27/11/06

Cesariny, ainda

"Quando um poeta morre, extingue-se um incêndio.", escreve Lilith. Mas a vida banal continua, e ainda bem que a banalidade não tem muitas oportunidades de se cruzar com a desordem da vida e com aquilo que muitas vezes caminha do lado de fora dela. Quando o faz, o resultado pode ser semelhante ao que vimos ontem, nos telejornais da SIC e da RTP. Honra na morte, que na vida rondou demasiadas vezes o opróbrio. Até tem alguma graça, ouvir a mesma expressão a classificar Cesariny (não duvido que o próprio encontrasse na ironia do sucedido razão para o riso): "expoente máximo" da literatura, quê? literatura portuguesa, quê?
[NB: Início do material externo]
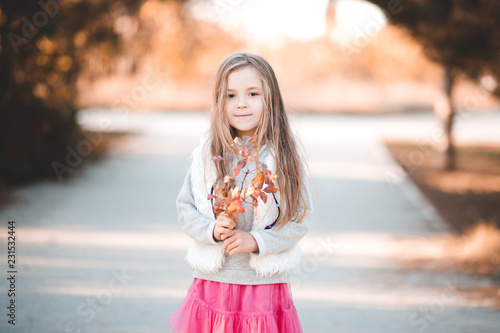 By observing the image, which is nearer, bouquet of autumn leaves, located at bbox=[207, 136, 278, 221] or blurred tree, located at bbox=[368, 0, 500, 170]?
bouquet of autumn leaves, located at bbox=[207, 136, 278, 221]

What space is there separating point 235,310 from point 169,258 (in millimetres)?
3939

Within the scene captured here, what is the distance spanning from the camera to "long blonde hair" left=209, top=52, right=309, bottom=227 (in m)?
2.50

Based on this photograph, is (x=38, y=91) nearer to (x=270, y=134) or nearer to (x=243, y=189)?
(x=270, y=134)

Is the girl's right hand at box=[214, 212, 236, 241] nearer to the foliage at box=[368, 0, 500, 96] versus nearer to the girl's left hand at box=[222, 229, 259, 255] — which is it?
the girl's left hand at box=[222, 229, 259, 255]

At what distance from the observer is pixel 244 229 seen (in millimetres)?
2541

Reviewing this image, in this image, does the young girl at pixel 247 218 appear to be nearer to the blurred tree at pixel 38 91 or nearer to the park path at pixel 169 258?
the park path at pixel 169 258

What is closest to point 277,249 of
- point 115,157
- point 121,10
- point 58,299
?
point 58,299

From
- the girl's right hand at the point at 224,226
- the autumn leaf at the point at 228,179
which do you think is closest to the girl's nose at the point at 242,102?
the autumn leaf at the point at 228,179

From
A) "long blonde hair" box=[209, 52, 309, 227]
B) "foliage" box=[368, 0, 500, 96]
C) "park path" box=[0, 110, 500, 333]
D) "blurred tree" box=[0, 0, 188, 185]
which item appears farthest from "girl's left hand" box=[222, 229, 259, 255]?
"blurred tree" box=[0, 0, 188, 185]

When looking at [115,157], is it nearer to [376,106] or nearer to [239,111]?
[239,111]

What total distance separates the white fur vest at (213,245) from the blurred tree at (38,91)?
25.0 feet

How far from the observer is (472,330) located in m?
4.50

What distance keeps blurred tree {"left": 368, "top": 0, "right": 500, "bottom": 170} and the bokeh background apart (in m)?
0.03

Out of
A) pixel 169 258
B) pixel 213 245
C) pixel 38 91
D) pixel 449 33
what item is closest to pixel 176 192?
pixel 38 91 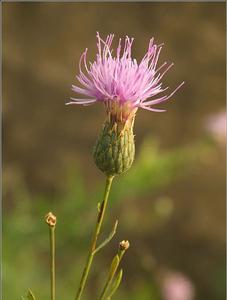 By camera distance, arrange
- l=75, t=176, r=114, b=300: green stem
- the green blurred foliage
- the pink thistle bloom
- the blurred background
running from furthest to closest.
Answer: the blurred background, the green blurred foliage, the pink thistle bloom, l=75, t=176, r=114, b=300: green stem

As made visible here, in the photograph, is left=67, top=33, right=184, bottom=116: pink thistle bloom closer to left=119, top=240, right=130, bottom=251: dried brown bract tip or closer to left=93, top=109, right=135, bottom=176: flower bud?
left=93, top=109, right=135, bottom=176: flower bud

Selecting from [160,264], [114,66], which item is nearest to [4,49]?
[160,264]

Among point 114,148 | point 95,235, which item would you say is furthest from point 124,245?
point 114,148

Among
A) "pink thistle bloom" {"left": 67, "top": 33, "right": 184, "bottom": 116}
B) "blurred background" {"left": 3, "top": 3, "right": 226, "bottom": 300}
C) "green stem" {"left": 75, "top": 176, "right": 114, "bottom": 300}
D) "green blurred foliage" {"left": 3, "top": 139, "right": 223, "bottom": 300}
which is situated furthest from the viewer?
"blurred background" {"left": 3, "top": 3, "right": 226, "bottom": 300}

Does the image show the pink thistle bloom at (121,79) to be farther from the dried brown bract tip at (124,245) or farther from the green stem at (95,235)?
the dried brown bract tip at (124,245)

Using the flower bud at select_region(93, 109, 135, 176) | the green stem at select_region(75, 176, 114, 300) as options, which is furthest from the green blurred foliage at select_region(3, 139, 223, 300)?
the green stem at select_region(75, 176, 114, 300)

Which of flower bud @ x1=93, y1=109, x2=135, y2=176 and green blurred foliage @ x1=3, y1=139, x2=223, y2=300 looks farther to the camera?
green blurred foliage @ x1=3, y1=139, x2=223, y2=300

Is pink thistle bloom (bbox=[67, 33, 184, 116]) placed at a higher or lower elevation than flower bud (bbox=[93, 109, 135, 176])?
higher

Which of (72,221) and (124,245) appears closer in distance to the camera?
(124,245)

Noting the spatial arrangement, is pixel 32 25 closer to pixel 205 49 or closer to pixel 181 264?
pixel 205 49

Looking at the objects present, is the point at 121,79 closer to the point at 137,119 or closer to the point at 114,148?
the point at 114,148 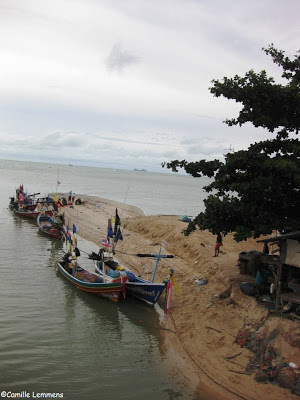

Sorri o escritor "besta-célere" enquanto debita o atabalhoado obituário. Panegírico, o dos amigos, que atrapalhados acabam por ser caçados pela "repórter no velório", às moscas, às moscas, que no silêncio germina a eternidade. Cesariny, de quem ninguém conhece nada, saberia rir-se dos transeuntes entrevistados pelo repórter do suplemento "Local", do Público, curiosos do morto que se finou engatando a fama que nunca quis nada com ele. Ontem, depois das tragédias percorridas a dedo durante uma hora de sangue e nojo, o finalzinho perfeito para acabar o dia em grande: um actor no escuro do estúdio que se chega à luz e declama. (João Grosso não tem culpa destes fretes.) Algo sobre "auto-motoras" ou homens que são auto-motoras e lá em casa, enquanto se espera pelo tio Marcelo, o espanto. A literalidade da poesia nunca foi suficientemente compreendida pela crítica. Há lirismo na incompreensão, na distância entre palavra e metáfora, ausência a presença. A ignorância é uma figura de estilo. Como o tio Marcelo bem sabe, cinco minutos depois, cuspindo um poema qualquer de Gedeão que se podia aplicar a Cesariny, vomitando outro de Cesariny dedicado a Gedeão. Vê-se, mas não se acredita, um dois em um poético! Toca a despachar, que a tropa vem aí. Poesia é isto! Cesariny é isto! "Passar tudo pela refinadora" até sair a pasta cá para fora, pronta servir como papa à massa inerte que espera. Não, não vale a pena. Faço um pedido às televisões generalistas: por favor, não dêem importância a estas coisas, à morte e tal e à versalhada que alguém escreveu em tempos. A sério! Ignorem, deixem passar, há tanto cadáver para mostrar e políticos para discursar e milhares de assuntos a desenvolver mais importantes do que a morte de alguém, serenamente em paz com o mundo. Poupem-nos à humilhação da glória televisiva. A poesia passa bem sem isso.